__Exercise goal__.
Each line in the material below, starting at the one with "This is the" and ending at the one with "Press the info", is to be reproduced exactly; no picture is to be copied.

__Supplied data__.

+---+

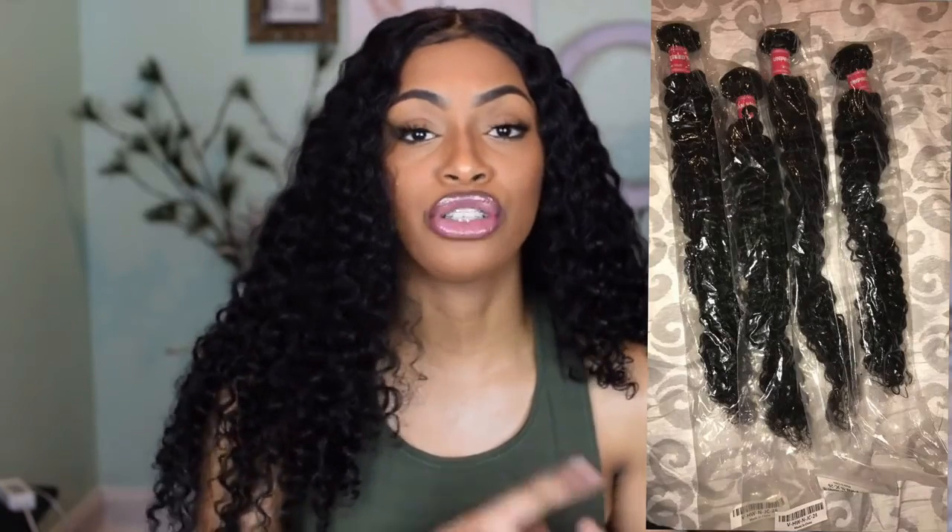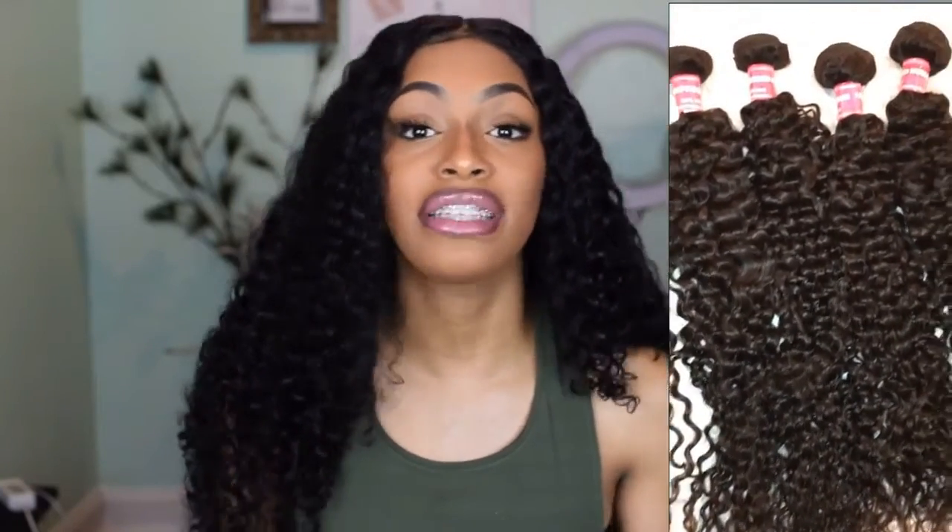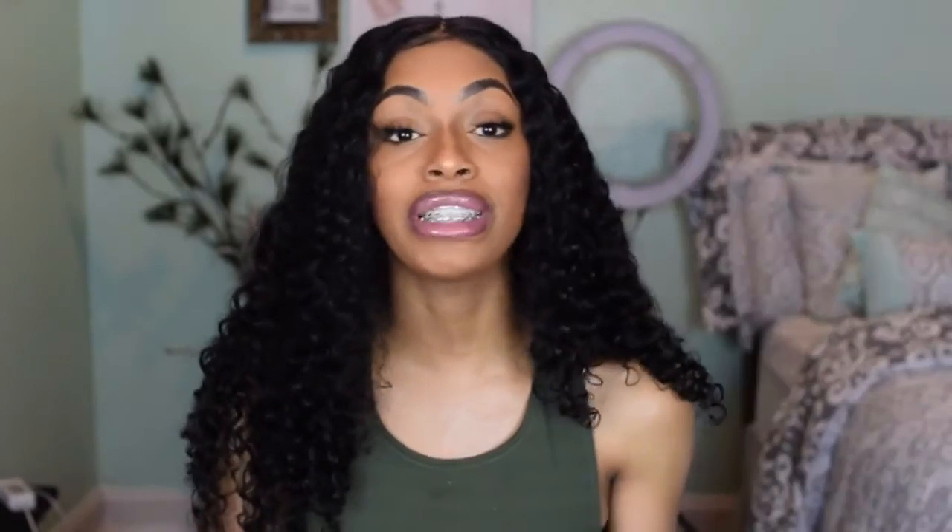I'm so happy that I gave this hair a try because I love it. I was scared that these curls were not going to be defined because initially when it came out of the package — I'm going to show you all some footage, some clips of how it looked — the ends looked straggly and thin. But once I made this unit, washed it, conditioned it, and let it air dry using my Aussie conditioner shampoo, this is how the hair came out, just like this.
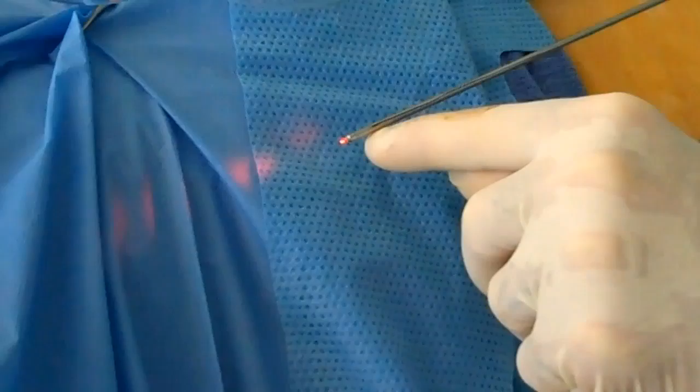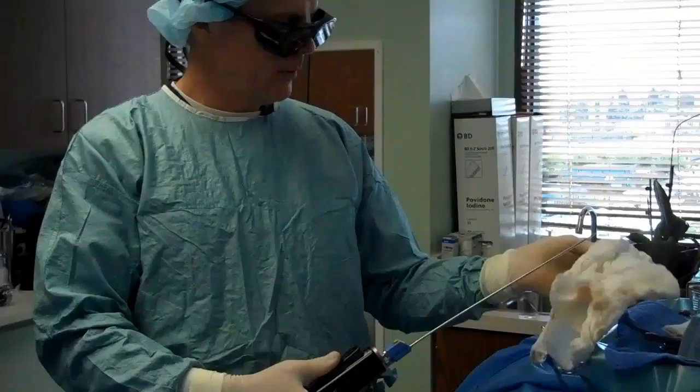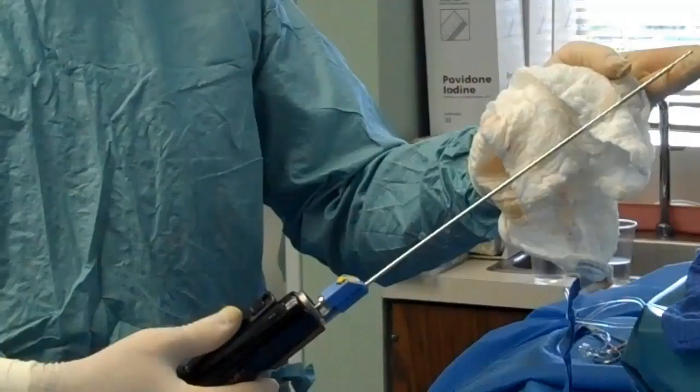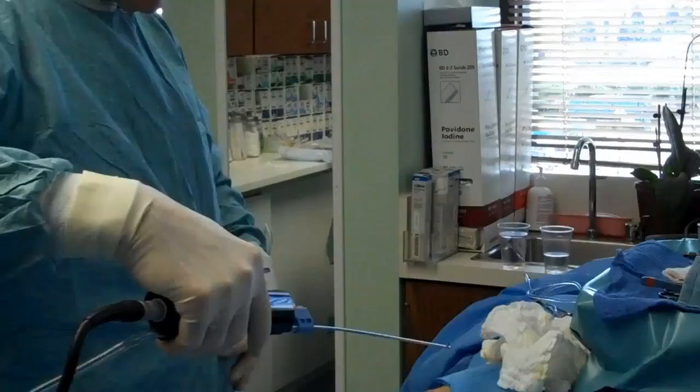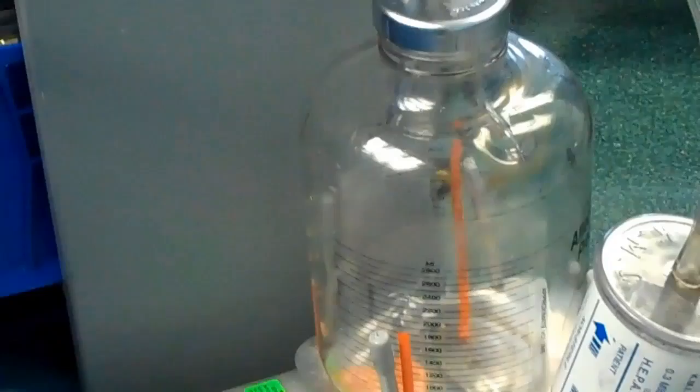This is the liposuction part — power-assisted liposuction. It's a motorized handpiece. Watch the end here when I turn it on — see how fast that vibrates. That helps to break up the fat, and we're going to remove all the fat that we just melted. With regular liposuction, the fat that comes out is much more reddish; the laser really helps.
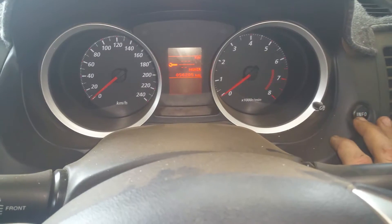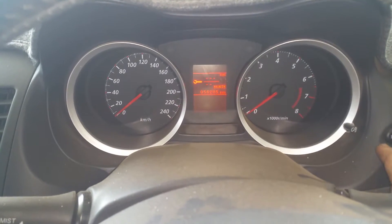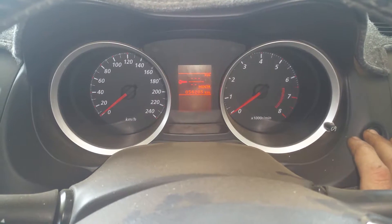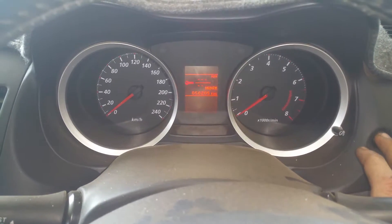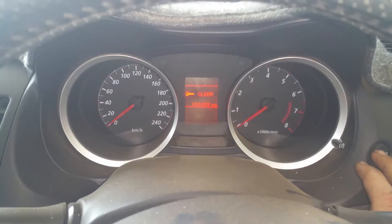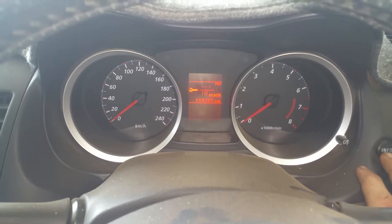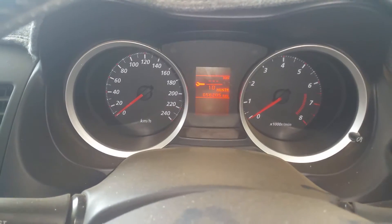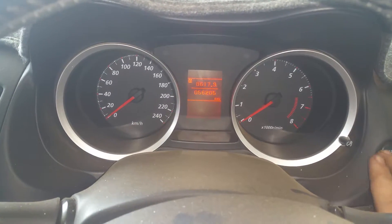Press the info button until you get to this screen, then hold down the info button until the light starts flashing, and press it one more time. It comes up with 'clear' — ten months.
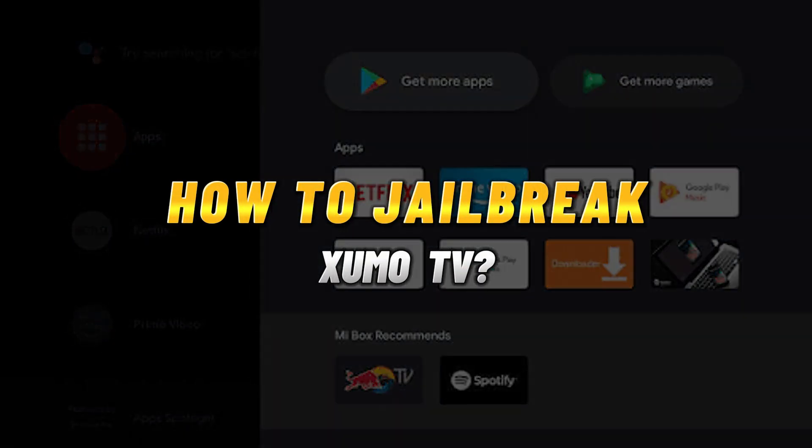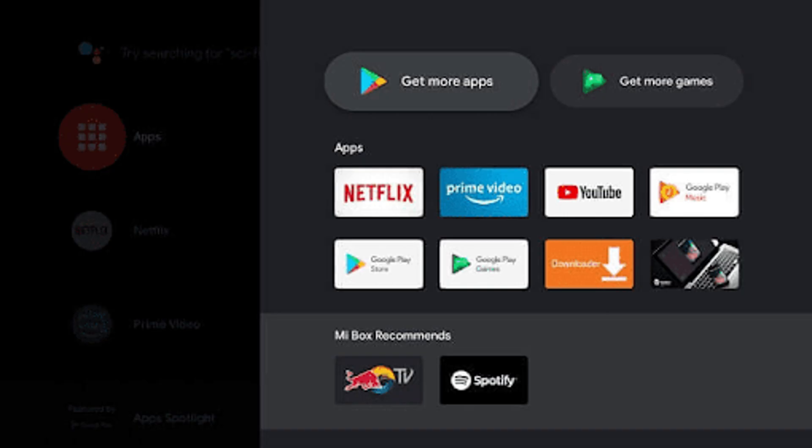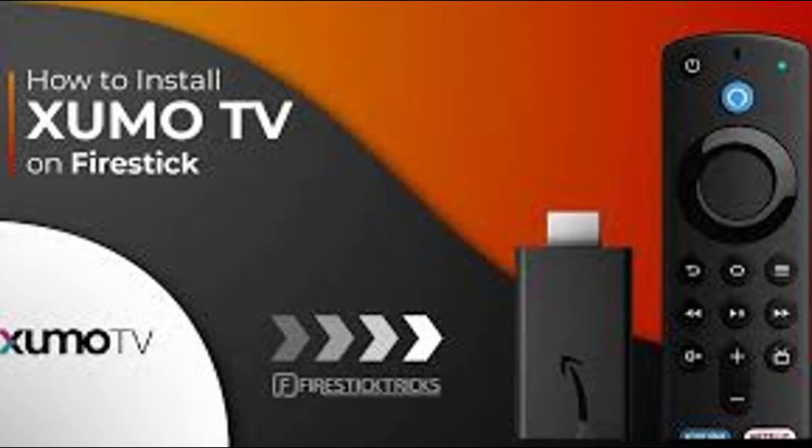Hey guys, in today's video I'm going to show you how to jailbreak Zumo TV. Jailbreaking a Zumo TV or Zumo Stream Box is not officially supported and is generally not viable due to the device's closed ecosystem.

+---+

__Completed task__.
This is the liposuction part — power-assisted liposuction. It's a motorized handpiece. Watch the end here when I turn it on — see how fast that vibrates. That helps to break up the fat, and we're going to remove all the fat that we just melted. With regular liposuction, the fat that comes out is much more reddish; the laser really helps.
Press the info button until you get to this screen, then hold down the info button until the light starts flashing, and press it one more time. It comes up with 'clear' — ten months.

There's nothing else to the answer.